Jaguar XJ-S. Manual - part 23

 
 

87

One other solution may be to replace the nuts with new nuts with the same thread but a smaller hex.  Make sure they’re 
Grade 8 or equivalent; you don’t want cheap, soft steel nuts here. 

Martin Karo:  “Better than the crowfoot solution, Hazet makes a tool for precisely this purpose.  It has 12-point box at 
one end; the shank is then bent vertically 90 degrees, and runs up 6 to 8 inches, depending on the size; then another 90 
degree bend brings the shank back over the box end, and a 3/8" square drive hole is bored in, directly over the box end. 
 This clears over-nut obstructions, and the torque values are correct no matter what the wrench angle.  I rented one the 
last time I replaced a cylinder head, and it worked great.  To buy, however, I dunno... if it's a Hazet, you can be sure it 
ain't cheap.” 

You could, of course, make a wrench that fits Karo’s description.  Find a box end wrench that fits the nut, and heat it up 
and bend it 90° straight up.  Cut the other end off and weld on a socket, any socket, to provide a square drive 
connection. 

The purpose of torquing head nuts to a specified value is to obtain a certain amount of tension on the studs themselves.  
Whether or not the threads on the nuts are lubricated makes a huge difference in how much tension results from a given 
torque, as does whether or not the contact between the nut and the steel washer it sits on is lubricated.  Unfortunately, 
the manuals are not as clear as they might be on whether or not the specified torque is intended to mean with or without 
lubrication.  In its section on General Fitting Instructions, the ROM does say “Always oil thread lightly before 
tightening to ensure a free running thread, except in the case of self-locking nuts.”  This makes sense, since tension 
obtained from lubricated threads is more consistent than from non-lubricated threads; if the threads aren’t lubricated, 
there’s no telling how much tension you’ll end up with.  There seems to be little or no official guidance for lubricating 
the washer face, though. 

This author recommends you lubricate the head stud threads with anti-seize compound; this may not sound like oiling 
lightly, but the amount of friction in the threads when installing should be comparable.  Plus, the anti-seize compound 
will ensure the threads are not damaged when retorquing or removing the nuts later on. 

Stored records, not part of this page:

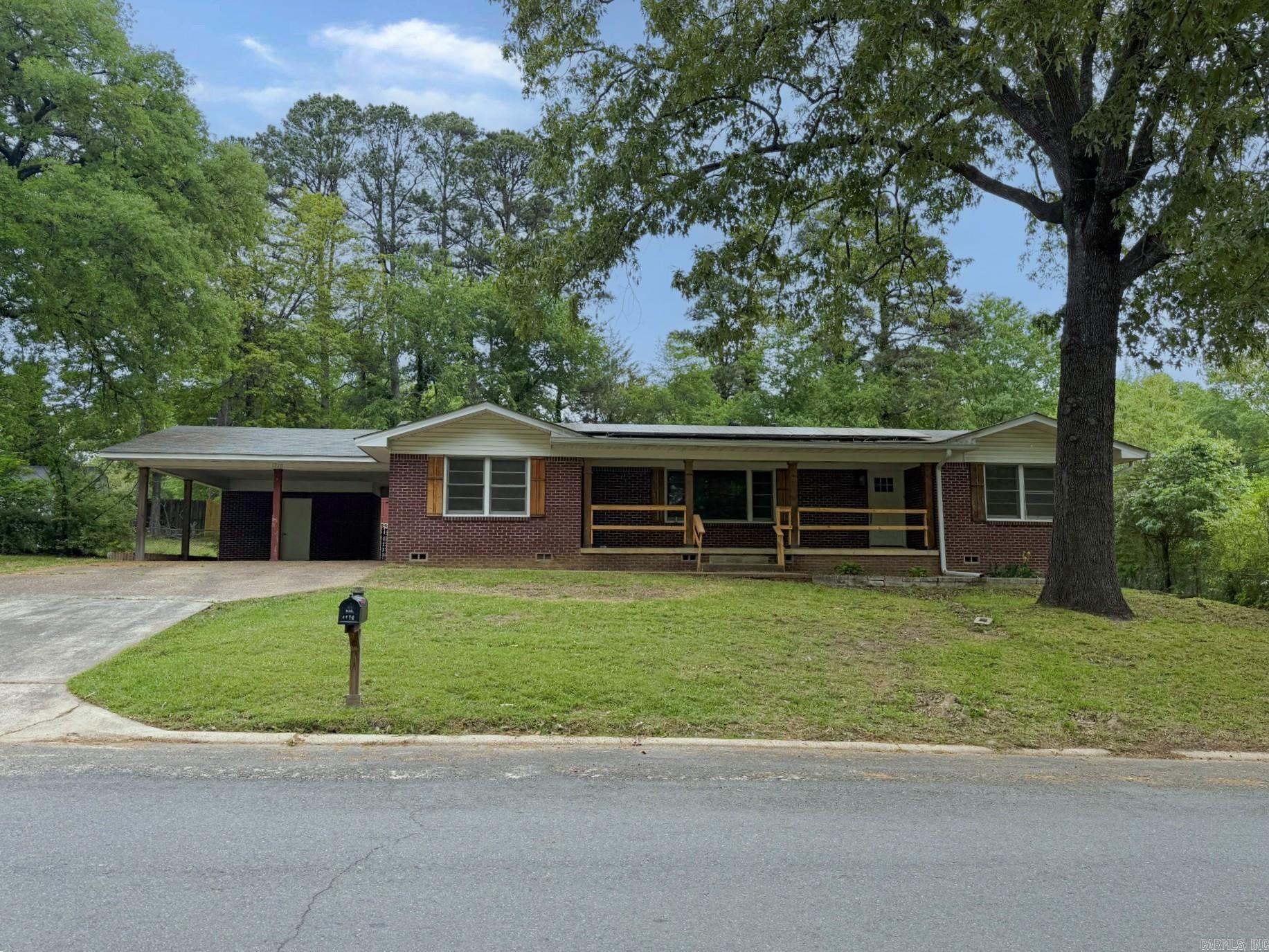 1220 Sunset Drive — photo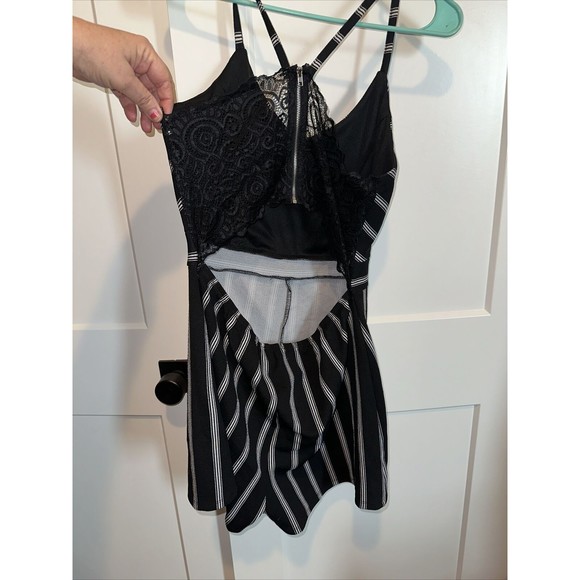 Almost Famous Black and White Striped Romper Size XL - Picture 4 of 6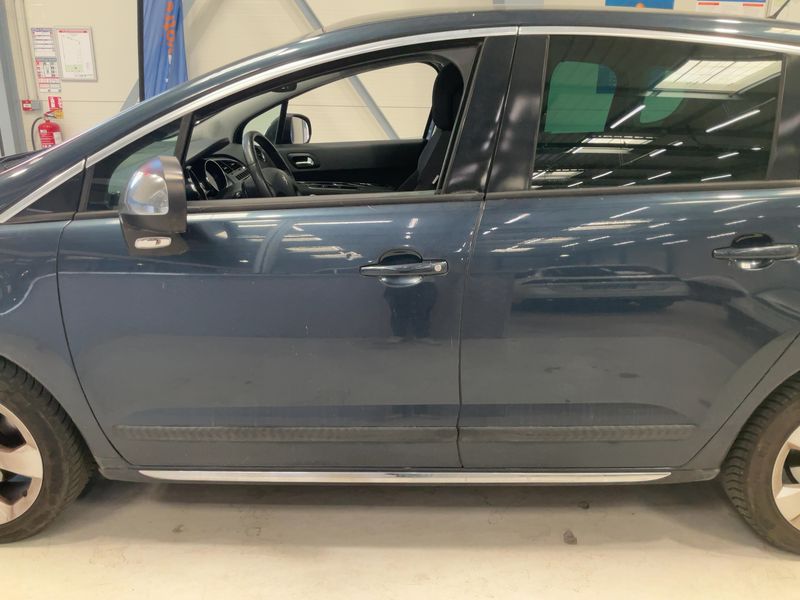 Peugeot 3008 1.6 HDi Allure 2011 – снимка 4
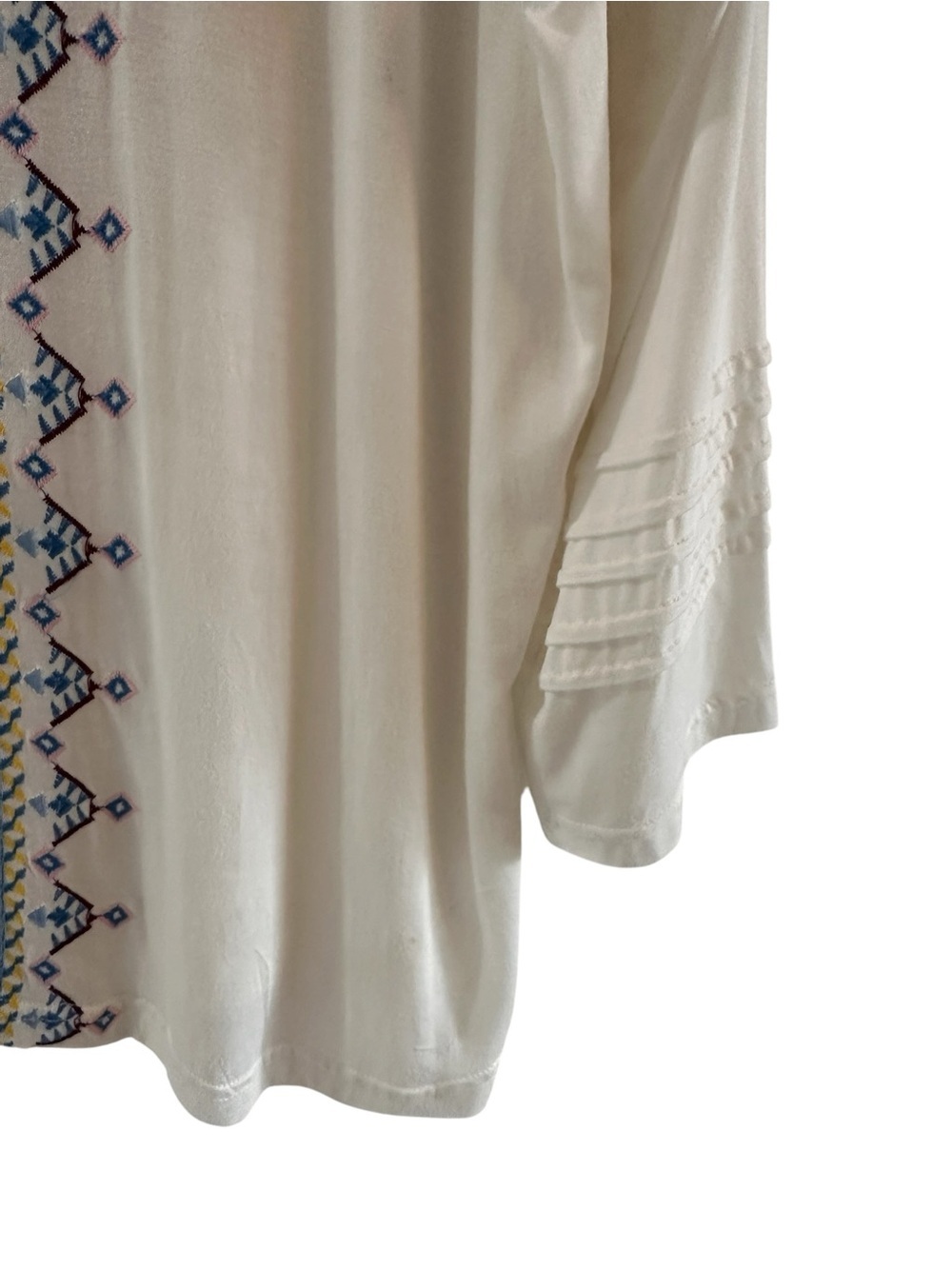 LIV Los Angeles White Embroidered V-Neck Tunic with Pintuck Sleeve Detail, 1X - Picture 7 of 13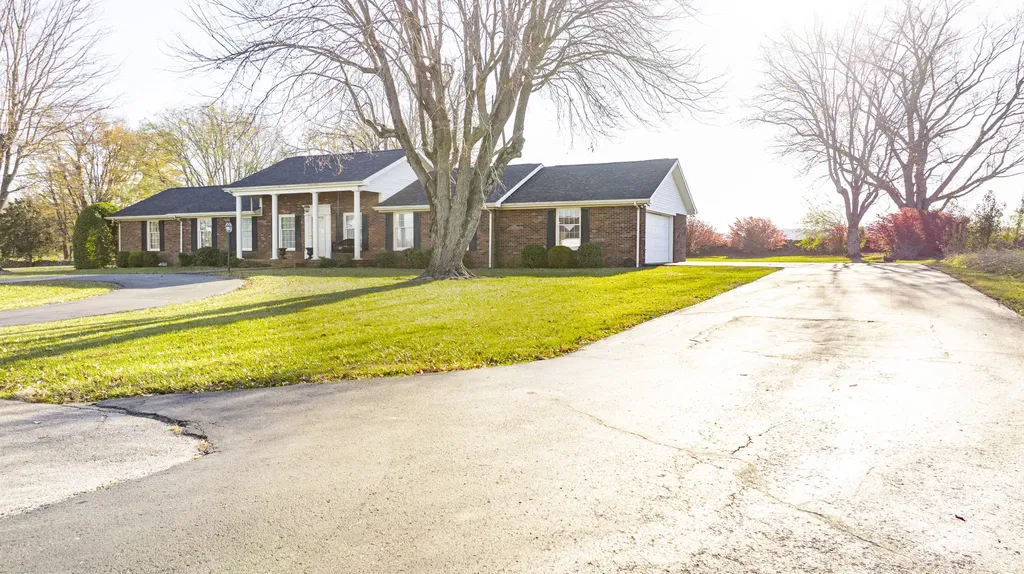 111 Stonehedge Terrace Monticello KY 42633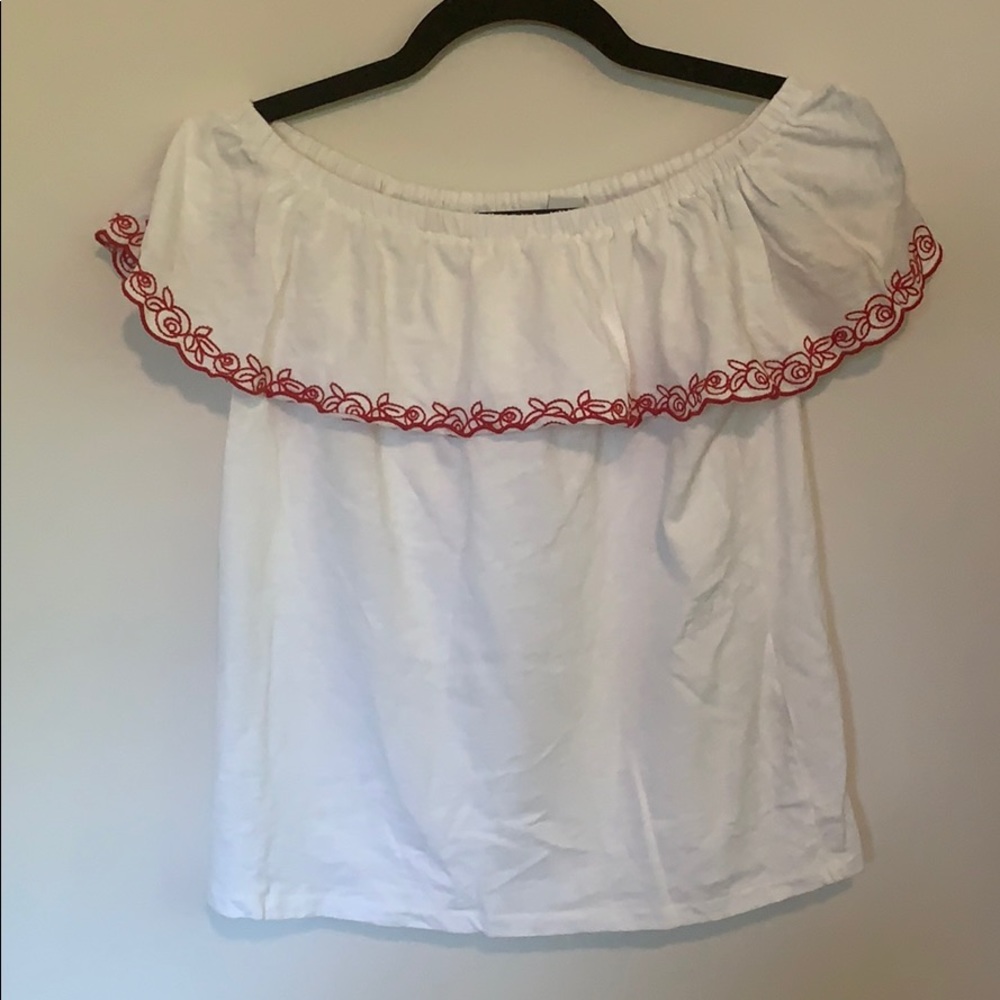 Off the shoulder floral white tee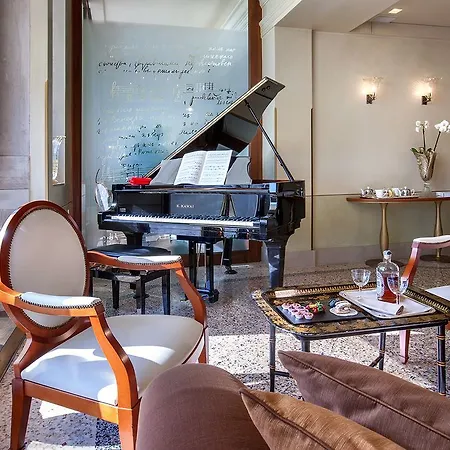Hotel Londra Palace 5*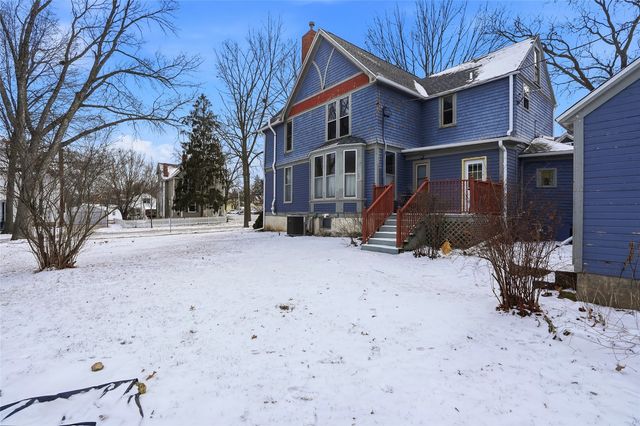 201 7th Avenue NW, Mt Vernon, IA 52314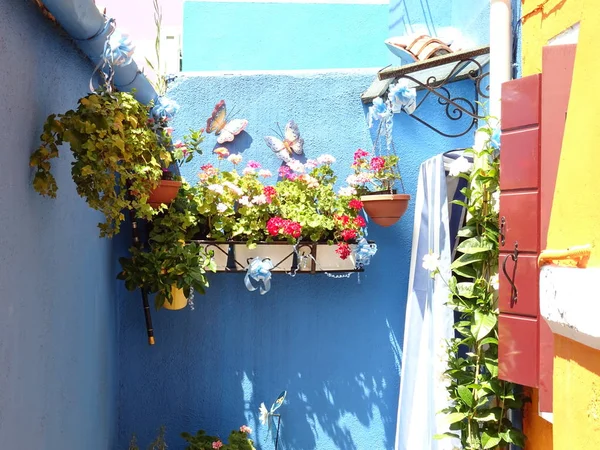 Blue Italian House Ade Con Flores —  Fotos de Stock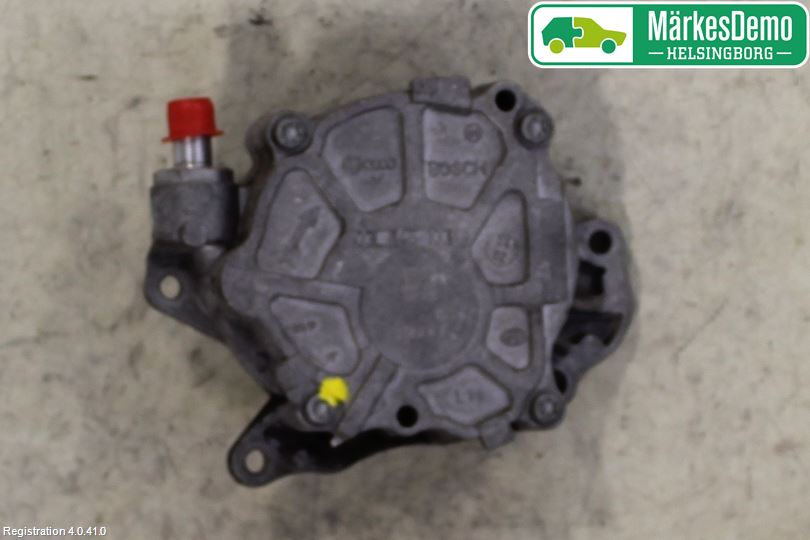 Volkswagen VW PASSAT 11-14 Vakuumpump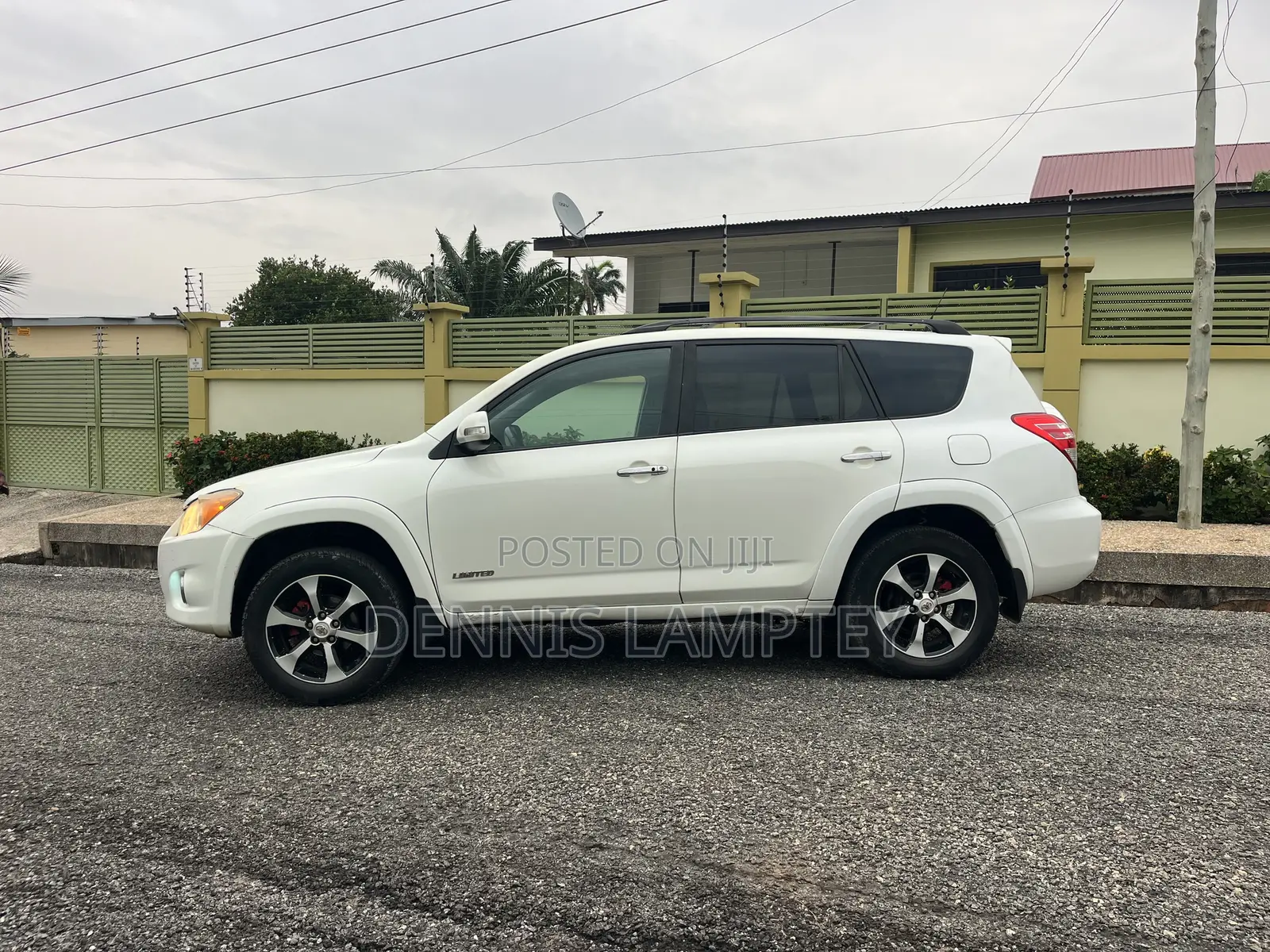 Toyota RAV4 2011 White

This author also recommends you apply a non-hardening sealant to the contact areas between the washer and the head 
and between the nut and the washer on the 7/16” studs only.  On ten of the fourteen 7/16” studs per head, these contact 
areas seal the coolant circuit; that’s why these nuts are cap nuts, since coolant can’t leak through the threads on a cap 
nut (and you thought Jaguar used cap nuts to make it pretty!).  While not originally intended as a lubricant, the sealant 
will provide a fairly consistent amount of friction between the nut and the washer and therefore a consistent application 
of tension to the stud.  By using a non-hardening sealant, you hopefully leave open the possibility of retorquing later on 
-- although presumably you could retorque by removing the nut completely, applying fresh sealant, and reinstalling. 

On the 3/8” studs, apply anti-seize compound between the washer and the nut.  You can leave the contact surface 
between the washer and the head dry, apply sealant, apply anti-seize compound, whatever, it shouldn’t make any 
difference. 

Needless to say, if any of the threads on studs or nuts are boogered up enough that the nut won’t spin on freely, they 
must be cleaned up or replaced before torquing. 

When torquing down the nuts, aim for the low end of the spec range, and be alert for signs of stud yielding:  the nut 
continues to turn without the torque increasing any more.  If the specified torque is attained in a smooth and progressive 
manner, there is nothing else to worry about; the head is on and secure, and there is sufficient tension on the studs to 
make sure the head gasket will remain sealed.  On the other hand, if either the threads or the washer face is assembled 
dry, you won’t know how much of your tightening torque was lost there, so you won’t know just how much tension 
actually got applied to the stud -- and therefore you won’t know how long your head gasket is going to last. 

 

 

 
 

88

Engine Work -- Front 

 

CRANKSHAFT DAMPER/PULLEY REMOVAL:  First note that, contrary to the repair manuals, it is not necessary to 
remove the crank pulley to get the water pump off. 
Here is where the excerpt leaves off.